Brief descriptive captions:
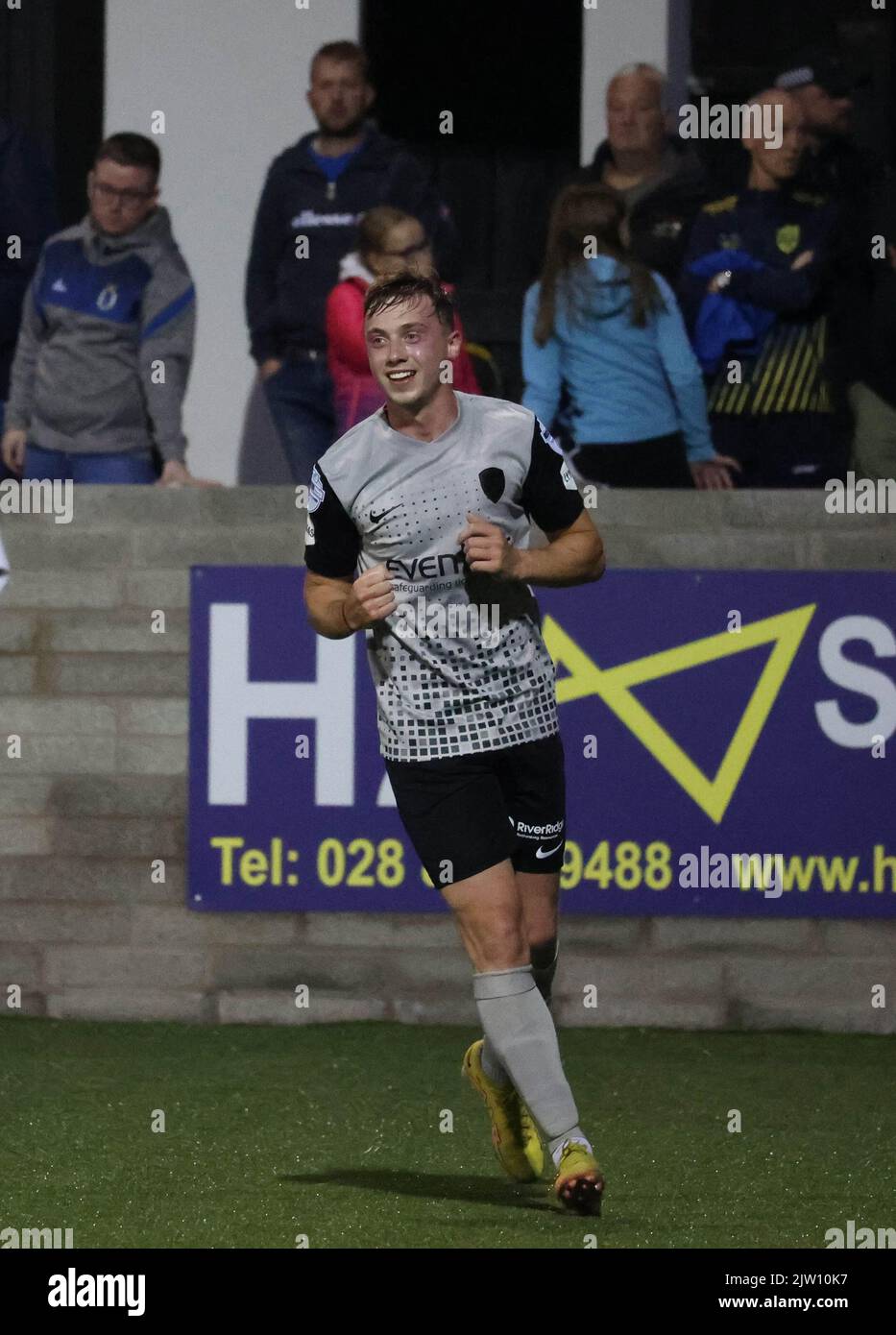 Parc de Stangmore, Dungannon, comté de Tyrone, Irlande du Nord, Royaume-Uni. 02 septembre 2022. Danske Bank Premiership – Dungannon Swifts contre Coleraine. Action du match de ce soir au parc de Stangmore (Dungannon Swifts en bleu). Matthew Shevlin (26) marquant et célébrant le troisième but de Coleraine. Crédit : CAZIMB/Alamy Live News. Banque D'Images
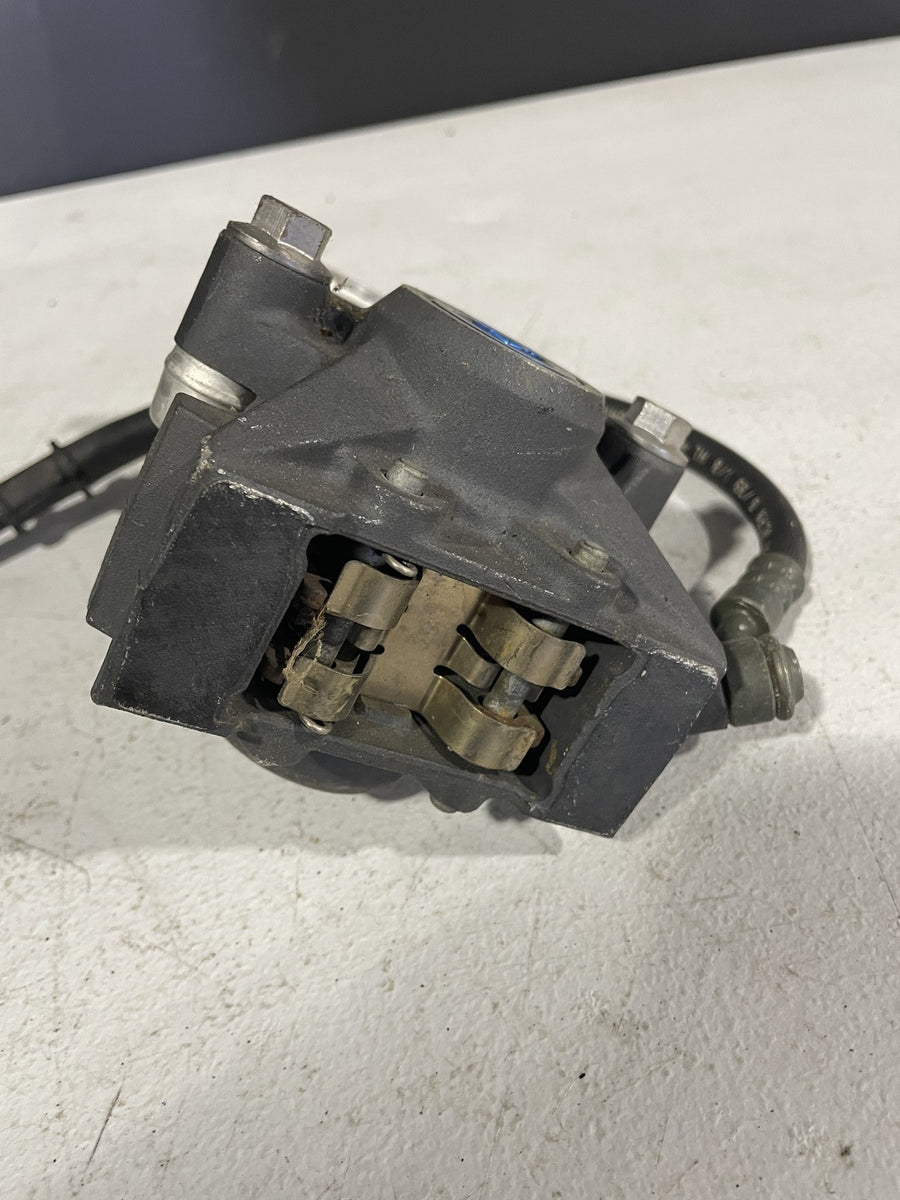 00-01 YAMAHA YZF R1 REAR BACK BRAKE CALIPER W MOUNT BRACKET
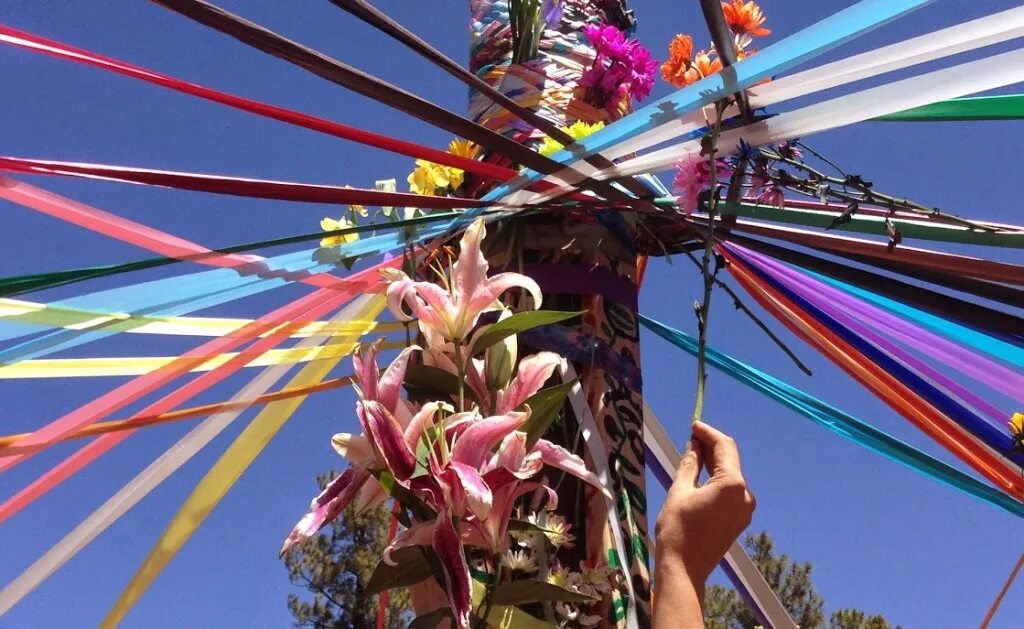 1 мая дерево. Maypole Майское дерево. Бельтайн Майское дерево. Майский шест Белтайн. Белтайн праздник дерево желаний.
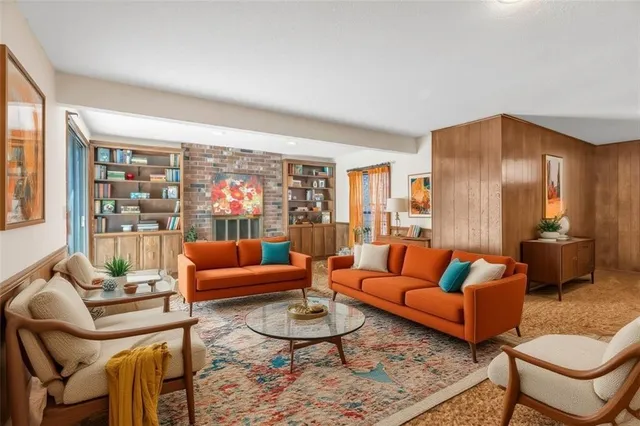 $375,000 | 1007 Wyckwood Drive, Liberty, MO 64068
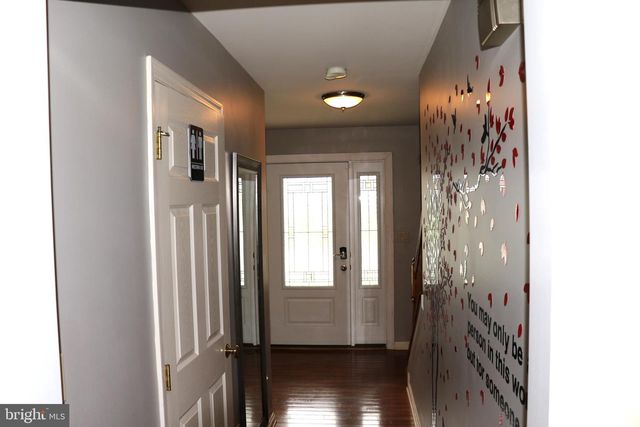 6102 FIRESIDE CIR, Harrisburg, PA 17109
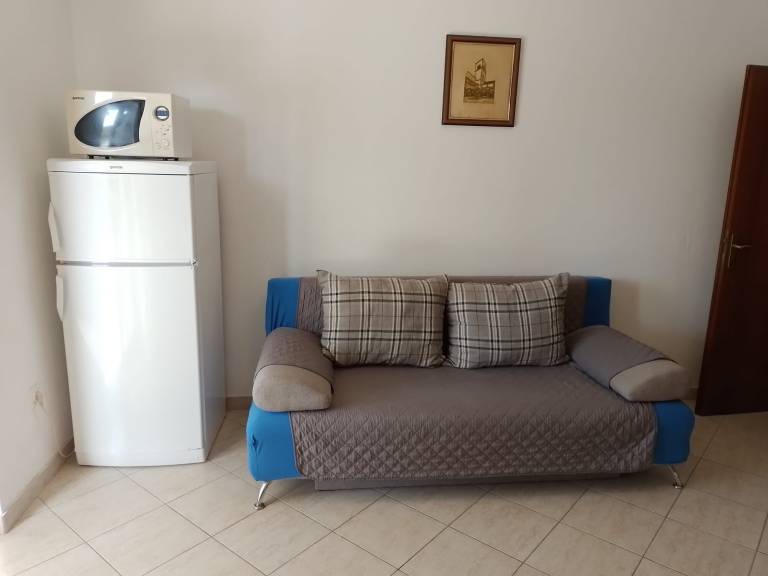 Apartment with barbecue & terrace — photo 5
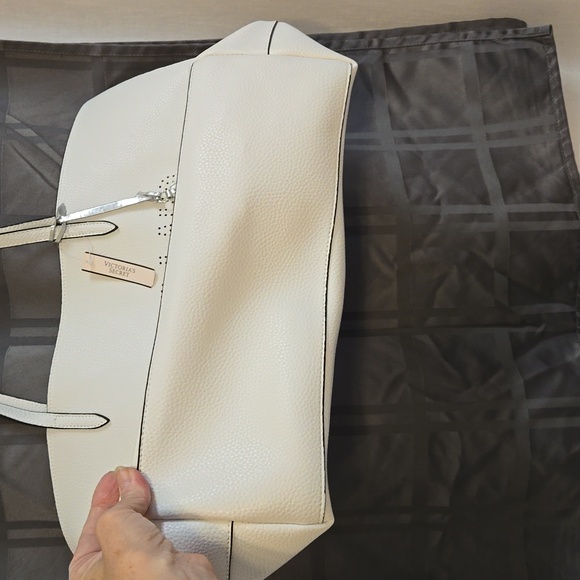 Victoria'e Secret Vegan Leather Tote, NWT - Picture 6 of 8
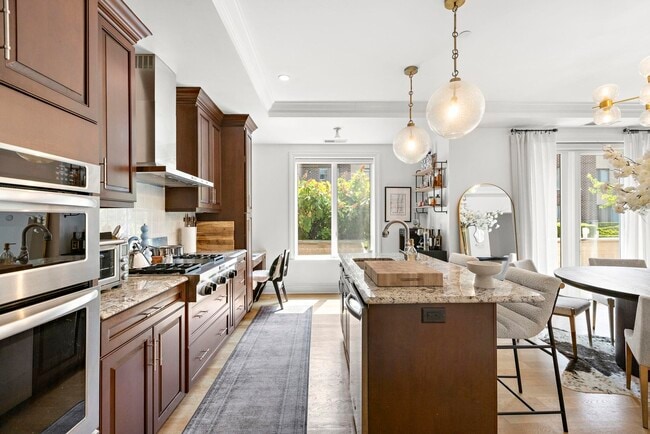 Photo - 250 Henley Pl Unit 206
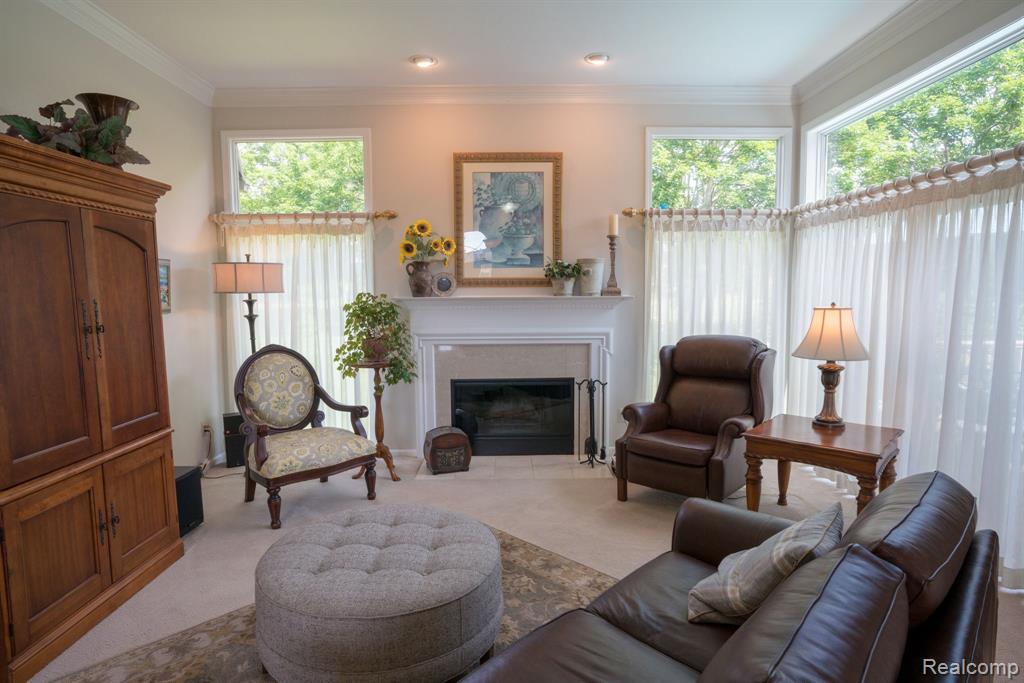 4870 DORAL Drive, Ann Arbor, MI 48108 — Photo 11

**TASK STATEMENT:** Print exactly the lines from the line with "Photo - 250 Henley Pl Unit 206" through the end of the data, both ends included, and print no pictures.

**EXPECTED ANSWER:**
 Photo - 250 Henley Pl Unit 206
 4870 DORAL Drive, Ann Arbor, MI 48108 — Photo 11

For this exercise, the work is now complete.